Artist: Bradley Walker Tomlin (1899-1953)
Title: "NUMBER 2"
Medium: oil on wallpaper
Size: 30” x 18 1/4” inches
Date: 1952
Notes: signed "Tomlin" lower right, inscribed "Pour Richard Sobel 1952,
Bon #2 Dalton School, Bradley Tomlin" verso.
In 1945, Tomlin met Adolph Gottlieb and through him some of the leading Abstract Expressionists including Robert Motherwell, Phillip Guston and Jackson Pollock. At this point in Tomlin’s career, his work became assertively distinctive. He stopped teaching in order to focus on his own painting.

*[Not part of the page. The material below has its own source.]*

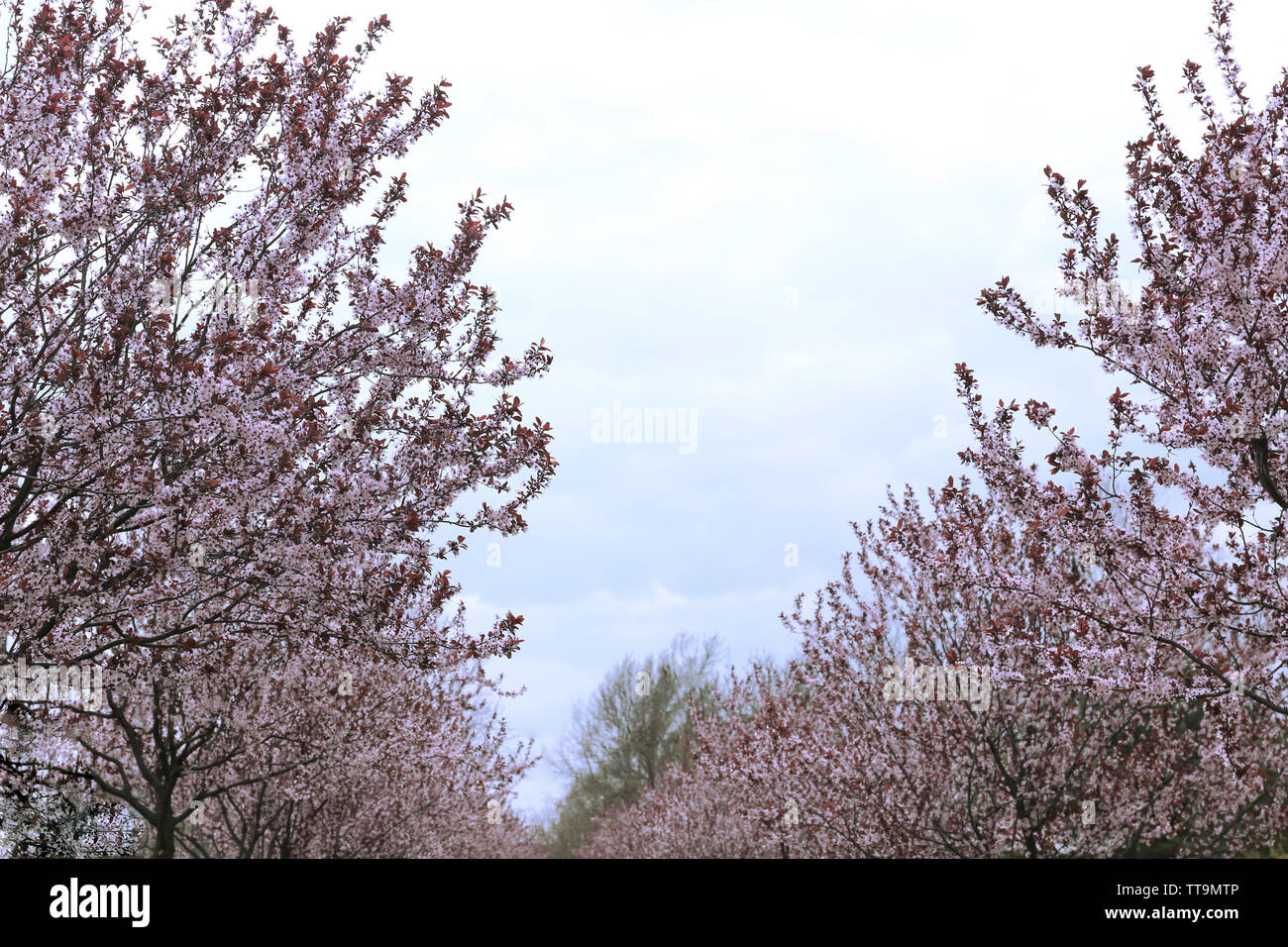 Beautiful flowering tree on blue sky background Stock Photo - Alamy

He began to experiment with automatism using themes like calligraphy and typographic shapes. In the 1940s and 50s his work was abstract but focused on geometry and order.
The present work “Number 2” was created in 1952 at a time when Tomlin had found his own artistic voice, a year before his untimely death. This work on wallpaper was probably a special commission for a patron at the Dalton School where Tomlin taught during the 1930s. Preserved intact and signed, this work demonstrates Tomlin’s interest in automatism, repetition and abstraction.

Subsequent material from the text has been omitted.